Persistence VM?

Stephen Pair spair at acm.org
Mon Aug 19 18:12:09 UTC 2002


I'm attempting to build a BerkeleyDB persistence solution for Squeak.  I
had hoped that I could do this without modifying the VM...however, I'm
coming to the conclusion that a few key modifications to the VM would
make life much simpler.  

This as much a brain dump for me to keep track of everything I need to
think about as it is a solicitation for input.  I'm most interested in
hearing about the implementation details from people familiar with
Squeak's interpreter, and about the capilities this VM will provide from
people that have implemented persistence frameworks.

So, here are my thoughts:

First, I would like call this VM the "Persistence VM" or something
similar.  The idea being that it is for anyone needing incremental
object persistence in Squeak.  The hope being that a lot of persistence
implementors could take advantage of what this vm offers.  It will have
performance and space implications, so it should remain separate from
the main VM.  If I follow through on this VM, I plan to maintain it and
have it track the official VM.  I also plan to provide an image/change
set that has the Smalltalk implementation and which tracks the official
Squeak image.  And, I plan to provide a tool that will convert an
existing image to this object memory layout.
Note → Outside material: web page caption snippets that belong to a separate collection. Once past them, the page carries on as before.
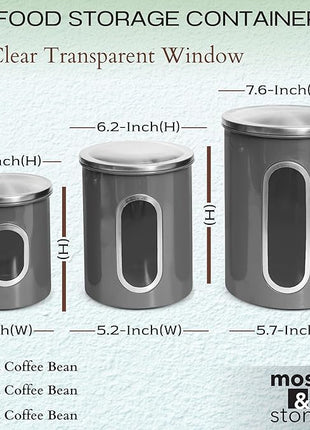 Moss & Stone 3-Piece Gray Canisters Sets For The Kitchen, Airtight Canister Set With See Through Window, Storage Jars for Coffee Container, Tea Organizer & Sugar Canister, Gray Kitchen Canisters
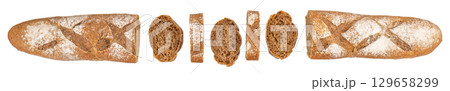 Isolated rustic rye baguette with sliced pieces showing dark crumb and flour-dusted crust on white background Isolated rustic rye baguette with sliced pieces showing dark crumb and flour-dusted crust on white background 129658299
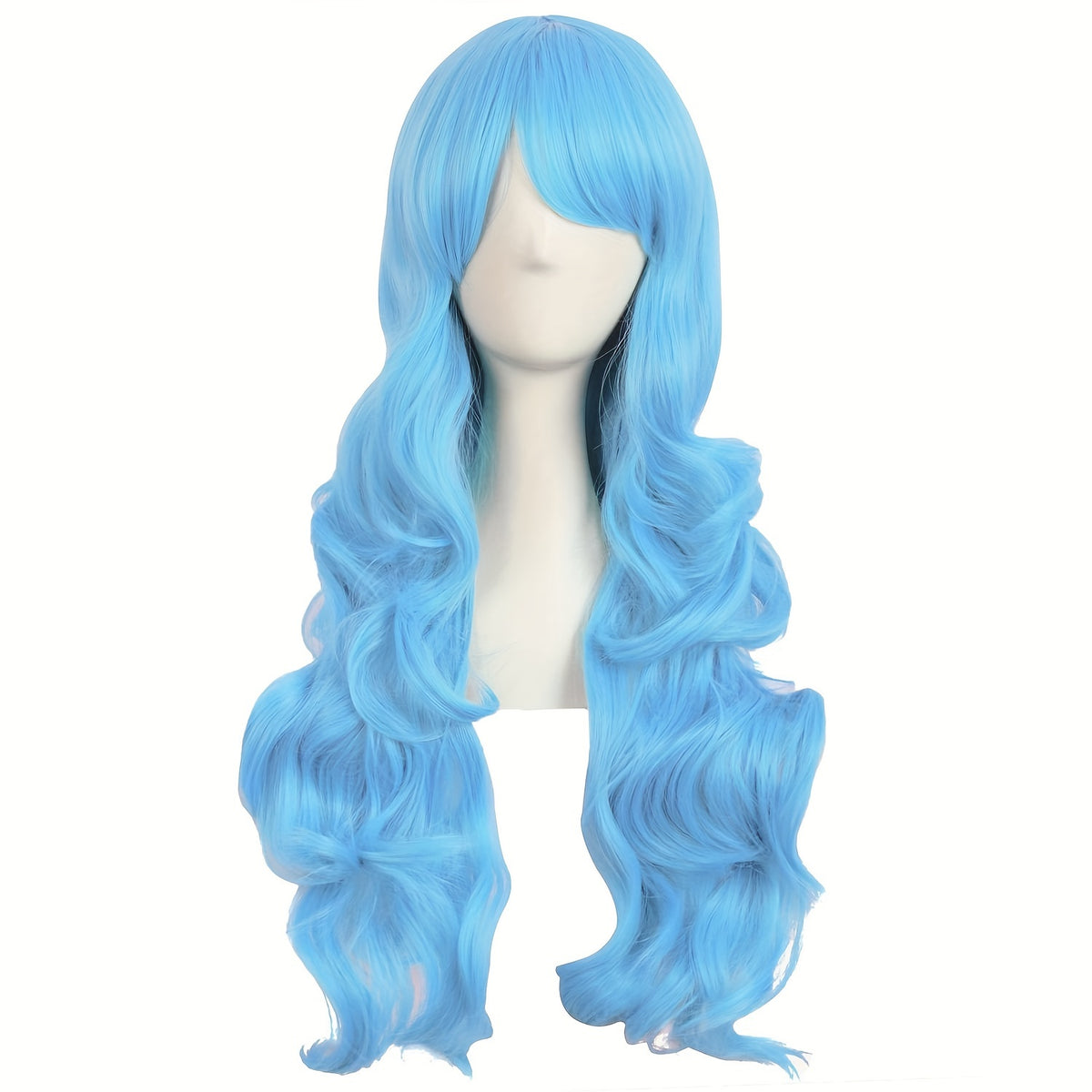 28" Long Curly Wig – Synthetic, Heat-Resistant, Side Bangs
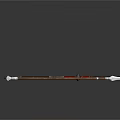 Traditional Weapon Spears with Wooden Shaft Metal Spearhead and Black Shaft Red Decorations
Design goal:  To create an alternate Squeak VM for people needing to
incrementally store objects outside of Squeak while minimizing changes
to the current Squeak VM architecture.

What this VM will provide:  

1) the ability to set a flag for any object in the system that will
prevent that object's state from being directly accessed (read or write)

2) the ability to associate a state manager object with any object in
the system

3) any attempt to read or write a slot in an object that has the
"managed state" flag will result in a read or write message being sent
to that object's state manager (or to nil if none has been assigned)

4) if a state manager has, as its first slot, a SmallInteger, a 4 bit
portion of that small integer will be reset to 16r0 whenever that state
manager is sent the read or write message (persistence implementors
could use this fact to age cached objects and implement an approximate
LRU cache management scheme)

5) the ability to transform any object in the system into a "forwarder"
which will transparently forward all messages it recieves to some other
designated object...garbage collection will automatically change all
references to forwarders into references to their target.  A full GC
will eliminate all references to all forwarder objects in memory.  A
Smalltalk>>allObjectsDo: will not visit "forwarder" objects and once an
object is converted to a forwarder, it's state will no longer be
accessible, nor will it be capable of receiving messages (all message
sent to it will go to it's target)...identity comparisons will result in
an identity comparison with the target object...the hash will be the
hash of the target object (thus if the original object is in any hash
sets, you might need to remove and re-insert it, or rehash the set).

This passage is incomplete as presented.